Tell me more: Though both the projects were approved in 2007 by the then Railways Minister Lalu Prasad Yadav but were mired in controversy and bureaucratic red tape. The Indian Railways (26% stake) and the foreign companies (74% stake) would form joint venture companies to construct and run the diesel and electric locomotive factories.

 

Rs 31.2

What is it? The central and excise duties’ components in the retail price of a litre of petrol at Rs 60.7 in Delhi. This is Rs 6.45 higher than the cost of producing a litre of petrol at the refineries based on the average cost of gasoline and the foreign exchange rate in the second half of October.

Why is it important? Shows the relative inflexibility of taxes as crude prices move up and down. To protect tax revenue as oil prices dropped sharply, government moved away from ad-valorem (tax as percentage of price) to a tax per litre. This means customers will not fully benefit from fall in oil prices. Both central and state governments are expected to earn around Rs 80,000 crore by taxing petroleum products this fiscal.

Tell me more: Central government hiked excise duty for the fifth time in a year. The previous four hikes were made between November 2014 and January 2015 and resulted in additional revenue of Rs 20,000 crore for the government in the 2014-15.

 

8 billion

What is it? The value of the order for 75 Boeing 737 Max 8 aircraft placed by Jet Airways at list price, though aircraft manufacturers usually sell aircraft below the list price.

Why is it important? This is the largest ever aircraft deal for the Naresh Goyal-founded airlines and large orders usually get a good discount. This deal is seen to be good for Jet Airways in terms of upping its game in the fiercely competitive industry, though the delivery of the aircraft would begin from mid-2018. The new aircraft is said to be fuel efficient, which uses 20% less fuel than the first Next-Generation 737s and has the lowest operating costs in its class at 8% per seat less than its nearest competitor, according to Boeing. This is significant because jet fuel accounts for 45-55% of an airline’s revenue in India.

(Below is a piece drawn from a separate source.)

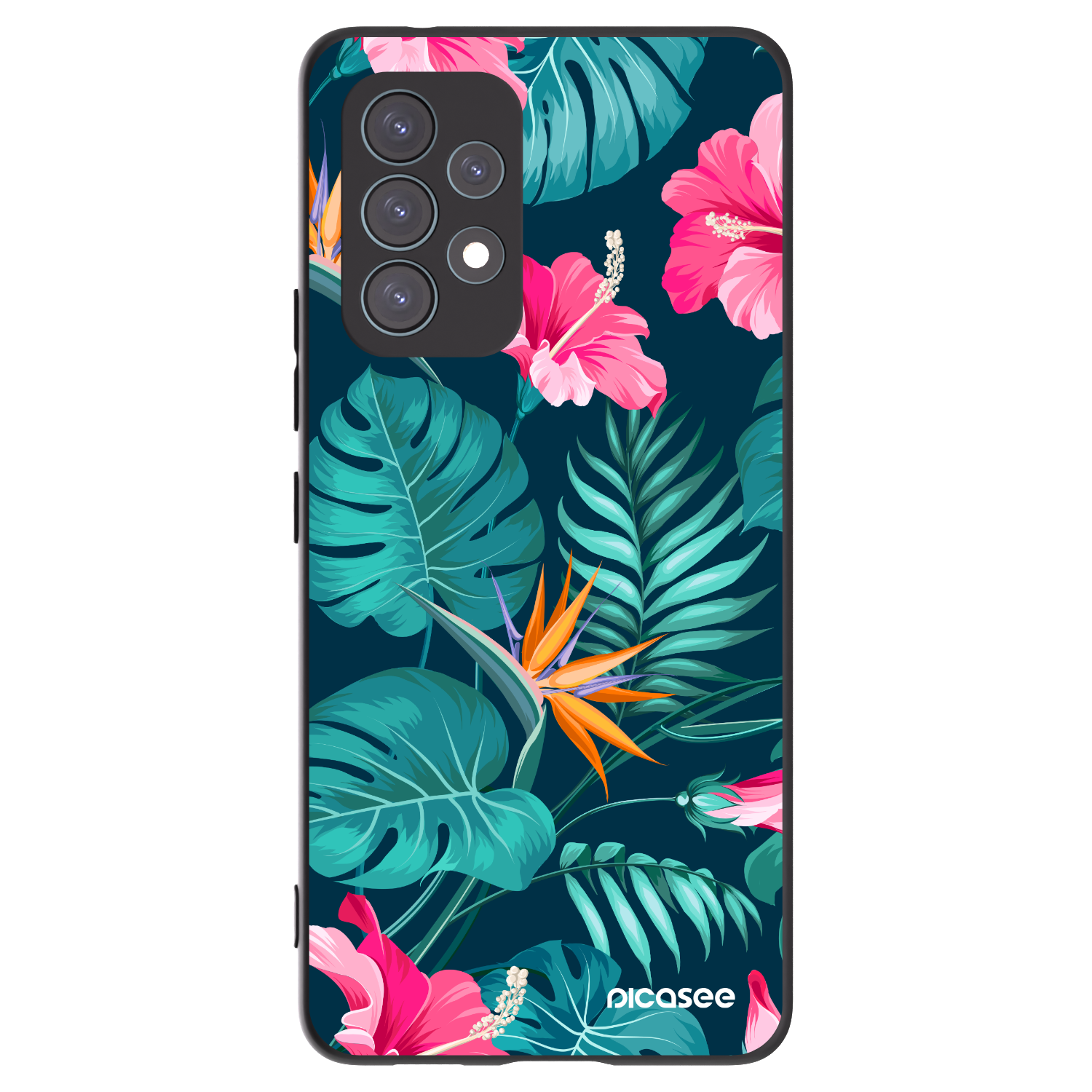 Picasee Μαύρη θήκη σιλικόνης για Samsung Galaxy A53 5G A536 - Pink Monstera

Tell me more: Jet Airways currently has 115 aircraft with an average age of 6.04 years. The second biggest airline (in terms of passengers carried) posted its biggest standalone quarterly profit in the first quarter of 2015-16 for the first time in nearly nine years.

 

55 million

What is it? Number of people in India who would be endangered if the global temperature rises by 4°C, according to a report by Climate Central, a US-based research organisation. This is about 4.4% of India’s current population.

Why is it important? Carbon emissions would cause warming, which in turn would lead to rise in sea levels that could submerge land, causing danger to the inhabitants. Though India is the world’s third largest greenhouse gas emitter, the government says its historical cumulative emission is below 3% currently. All the countries, especially the advanced economies have to keep up their commitments of keeping the earth’s average temperature from rising beyond 2°C, a widely accepted benchmark for preventing further damage due to global warming.

Tell me more: A 4°C rise in temperature could submerge land inhabited by 470-760 million people. However, if countries are able to contain carbon emissions resulting in 2°C warming, then the number of people who could be affected could be brought down to 130 million.